Me abanando com uma das mãos enquanto a outra segura o nó da toalha que ameaça se desfazer. Estou precisando de homem, essa vida de Maria graxeira está acabando comigo. Tenho que pelo menos pegar o Fábio, aquele mecânico gostoso.

Silêncio.

Nem mesmo o “cri-cri-cri” dos grilos inexistentes aqui, eu ouço.

Olho para o lado e a amiga da onça me deixou falando sozinha, ainda mais de um assunto tão delicado quanto os homens e seus tão poderosos músculos e tripés.

— Meu Deus! Ela não me leva mesmo a sério.

Minutos depois Fabi volta com o que parece ser meu look do dia e joga-o para mim.

— Prontinho, essa roupa deve servir. Precisamos ir às compras urgentemente.

— Oi? Você está me vendo aqui querida? Eu acho que ainda tenho direito de escolha. — Levanto uma roupa qualquer como forma de protesto.

— Claro, que sim. Com quem acha que estou falando? — contesta, colocando uma das mãos na cintura fina. — E você vai sair nunca com isso por aí com. — Toma a roupa das minhas mãos.

— Ohh, Fabiana! Você ouviu o que eu disse minutos atrás?

— Sobre os homens que vão à oficina? Ouvi sim! — Joga meu macacão esfarrapado no cesto que provavelmente vai parar no lixo. — Aliás, eles só vão lá pra ver sua bunda, que por sinal, é uma delícia.

Na maior cara de pau, ela fala e ainda me dá uma piscadela.

Que audácia! Atiro uma almofada contra seu corpo lhe expulsando do quarto.

Antes de fechar a porta atrás de si, a morena ainda deixa a pérola do dia.

— Você precisa mesmo de um homem Dorotéia, mas de um homem macho, daqueles bem quente, sabe?
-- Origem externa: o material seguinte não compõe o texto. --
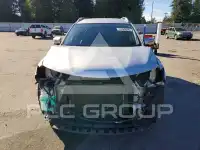 2016 Nissan ROGUE фото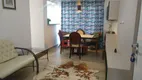 Foto 21 de Apartamento com 2 Quartos para alugar, 67m² em Jardim Dom Bosco, Jaguariúna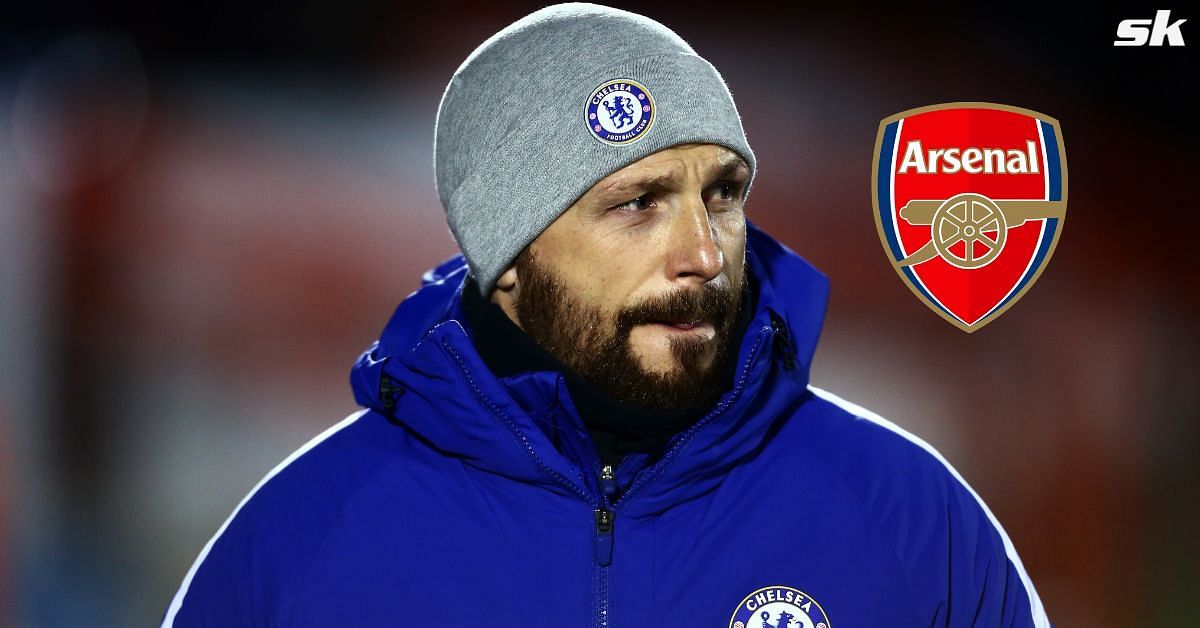 “it-was-pushed-behind-a-couple-of-other-signings-–-ex-chelsea-assistant-boss-jody-morris-on-how-blues-failed-to-sign-arsenal-superstar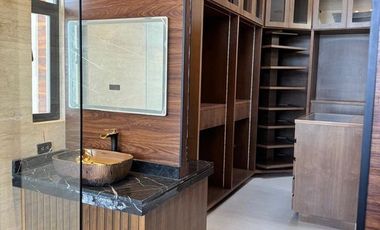 Hermosa Casa en La Marina el Cid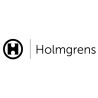 AB HOLGREMS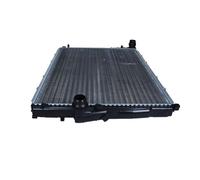 MAXGEAR Radiatore motore AC213604 Alluminio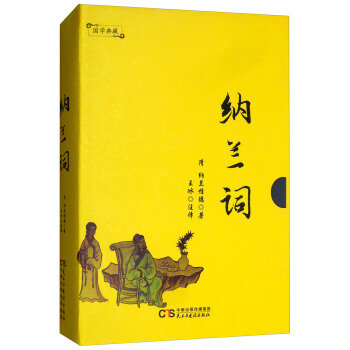 �{�m�~/���W(xu��)���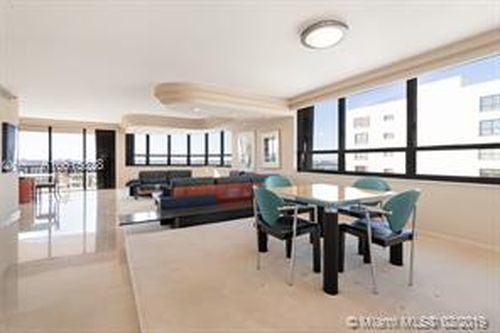Building Photo - 10175 Collins Ave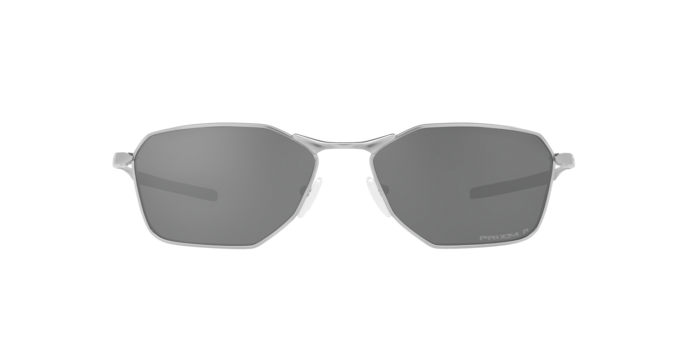 OAKLEY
— Não sei, não! — respondo, ficando de pé para passar o hidratante que o Tadeu gentilmente me mandou. O último lançamento, segundo ele.

— Óbvio que sabe. Deixa de ser fresca. — Mostro o dedo do meio e como se não tivesse visto meu gesto obsceno, ela persiste no discurso pró macho para mim. — O homem para você tem que ser um “brucutu”. Que te deixe molhada só de olhar para ele. Que te prenda, domine e que conquiste seu coração de pedra — Faz um gesto ridículo em formato de coração no ar. — E principalmente, que bata de frente com as suas opiniões, porque minha amiga você é uma força bruta da natureza

— Que “brucutu” que nada, Fabi. Para de sonhar acordada.

— Não é sonho. Se eu pudesse fazer um pedido ao gênio da lâmpada, seria isso: um macho para Dorotéia.

Me aproximo e bato em sua cabeça devagar.

— Tem certeza que não estar sonhando?

Um gênio? É sério isso? É cada coisa que sou obrigada a ouvir.

— Claro que não! — Bate em minha mão que continua a cutucá-la.

— De qualquer forma, homem não me interessa. Estou bem assim, obrigada! — Caminho para a frente do espelho com a roupa que minha consultora de moda pessoal me designou a vestir e a deixo resmungando qualquer coisa.

Só espero que esse homem quando aparecer seja um sapo, só assim dou-lhe uma bela cacetada.

Sou uma mulher que desde muito nova luto por minha independência, seja ela pessoal ou financeira. Por esse motivo sempre dei grande valor a minha liberdade, principalmente se essa liberdade me permitir ficar a quilômetros de distância dos homens, proteger meu coração de futuramente ser quebrado simplesmente pelo fato de me conhecer profundamente.

Sei o quanto sou intensa com essas questões de sentimentos e, geralmente, essas coisas de amor nunca são correspondidas na mesma proporção.